In essence, Brigety says, Trump definitively showed the world who he is, and we should believe him.

One by one too Brigety also called out some of the Trump administration’s senior officials by posing what he called a series of “difficult” questions.

“How, Secretary of Defence James Mattis, can you convince the men and women serving in the greatest military the world has ever known, and who comprise virtually every creed and colour of our great nation, that racism will not be tolerated in the ranks if you do not publicly and powerfully challenge the blatant racism of their commander-in-chief? asked Brigety.

“How, Secretary of State Rex Tillerson, can you convince the world that American values are a force for good in the world, and convince your own workforce who hail from every corner of our country to confidently project America’s image in the world, if you fail to publicly challenge a president who embraces the latter-day Nazi spawn of the greatest evil the world has ever seen?"

And so Brigety, the former state department official, went on, individually calling out Trump’s men as Nazi sympathisers one after another, adding that just as these question apply to them, they equally apply to others who occupy political positions of great responsibility in the service of the United States.

The aim of Brigety’s attack was simple and could not have been more direct, ensuring there was no way senior Trump political appointees could evade the mounting accusations that the administration is home to Nazi-sympathisers.

Just how damaging all this will be in the longer term for Trump remains to be seen.

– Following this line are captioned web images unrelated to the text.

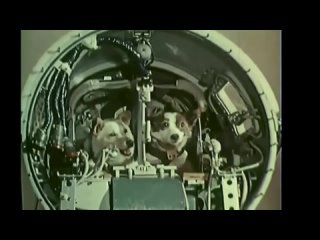 Belka and Strelka in space (Белка и Стрелка в космос)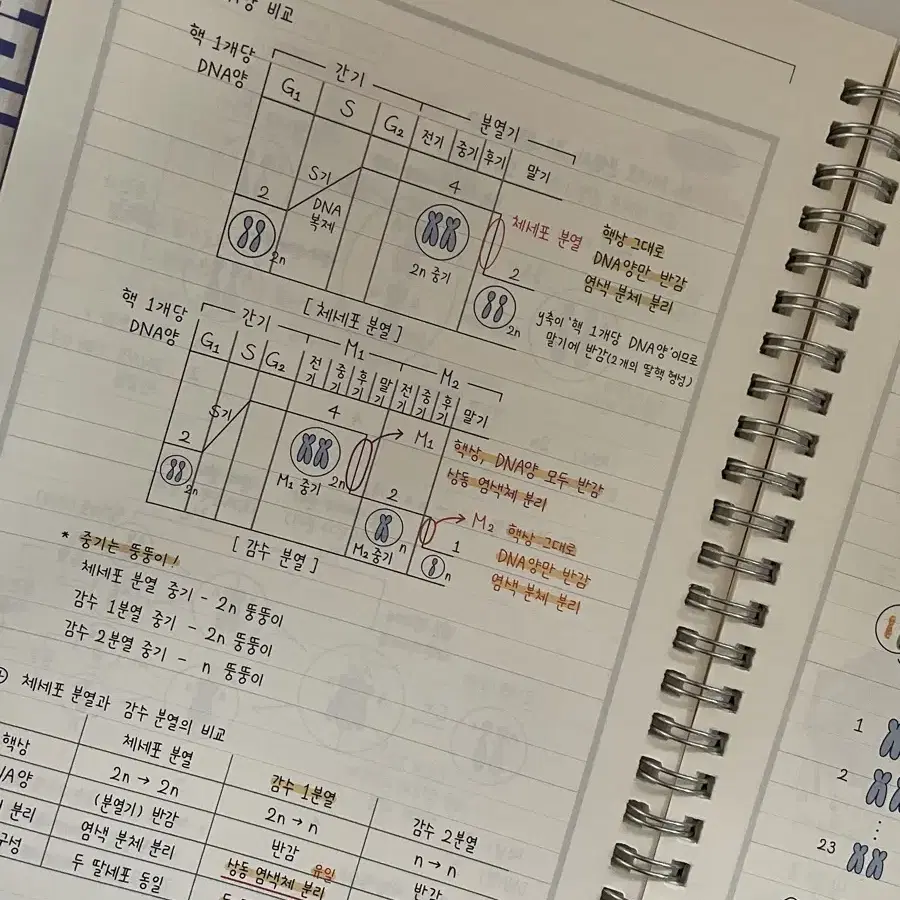 매가스터디 백호 생명과학1 개념완성 서브노트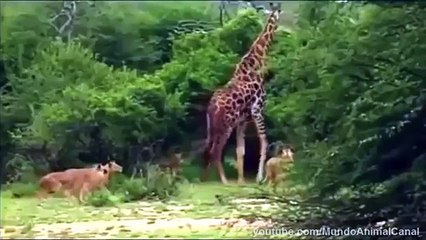 Mira cómo más de 10 leones mataron a una jirafa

It’s not the first time since his inauguration he has courted considerable controversy and criticism, but many observers are convinced that this time things are different.

Aside from the obvious offensiveness of his recent remarks, they seem to be doing enormous damage to the thing perhaps more than anything Donald Trump cherishes most, the Trump brand. This after all is a man who likes to put his name on everything be it, Trump golf, Trump steaks, Trump hotels, Trump condos, Trump ties and the failed Trump University.

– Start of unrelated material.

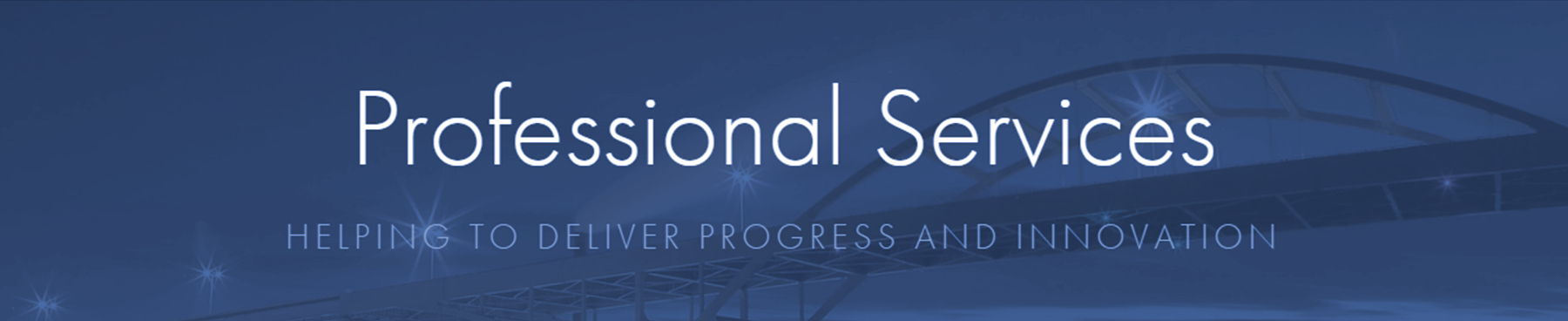 Professional IT Services
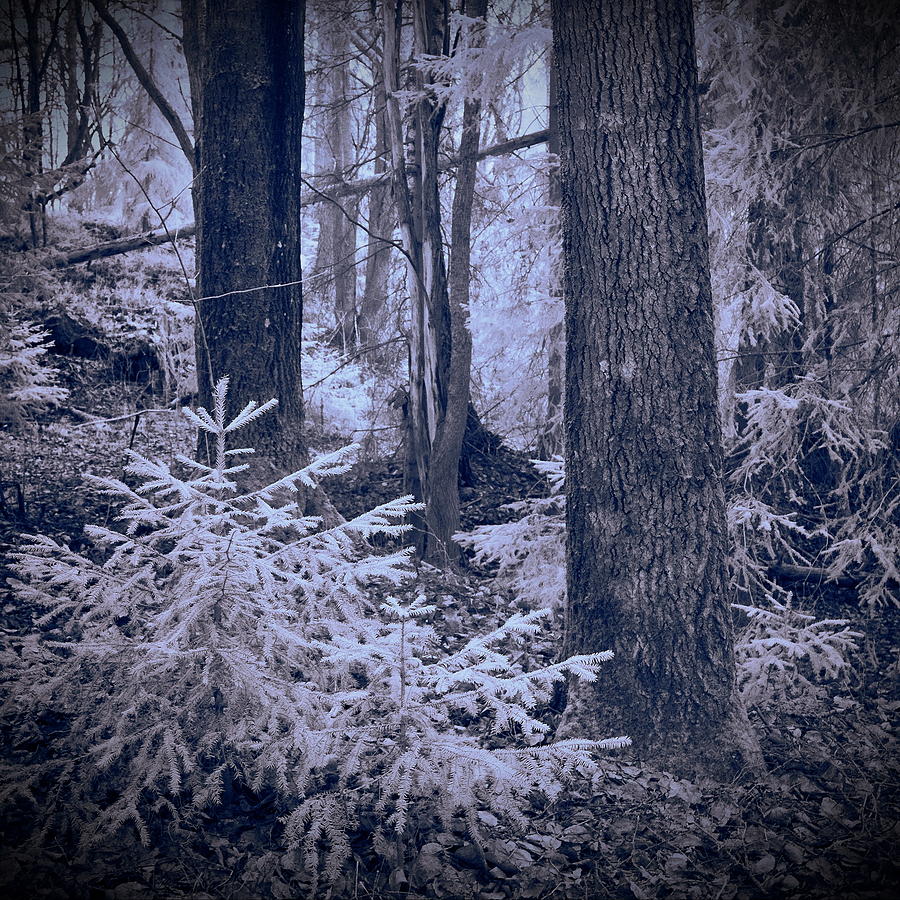 Fairy forest. Infrared Photograph by Jouko Lehto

According to branding experts, the fallout from Trump’s comments this week equating white supremacists and neo-Nazis with those who oppose them, marks a turning point for the president’s commercial and political brands, which have become intertwined.

“I think it’s going to frame him historically as aligned with these fringe groups that are not consistent with the character of America,” said Eric Schiffer, CEO of Reputation Management Consultants.

At this precise political moment says Schiffer, “what you’re left with is this almost radioactive component to him that is low grade. It’s dirty-bomb level.”

The question now is how long this political fallout will last and how damaging the Nazi label will ultimately prove to be.

“People are not going to want to have any association” with the Trump name if he continues to align himself with hard-right groups, says Schiffer.

“It’s like knowing your neighbour is suddenly a Nazi. You’re not going to want to publicly hang out there because of the taint.”

Schiffer’s point is evidently already resonating among many American be they in office or ordinary citizens.

There will of course always be that hard core of Trump supporters willing to overlook his latest disastrous mishandling of a situation - and even the branding of his as a Nazi - but this is a president looking irretrievably isolated.

Over the last few days following the exit of Steve Bannon as Trump's chief strategist, there’s a telling photo that has garnered considerable

attention in social media.

It shows Trump behind the desk in the Oval Office, surrounded by his top advisers, Vice President Pence and National Security Adviser Mike Flynn, Chief of Staff Reince Priebus, chief strategist Steve Bannon and Press Secretary Sean Spicer.

That photograph was taken earlier this year on January 28, eight days after Trump was inaugurated. Today all those advisers are gone, except for Pence.

In February shortly after that photograph appeared, chief strategist Bannon, was on the cover of Time magazine as “The Great Manipulator.” Today Bannon has been booted from the White House fold and Trump the US president is on the cover of Time in the guise of a Nazi. It’s hard to see the American people being ultimately forgiving of that.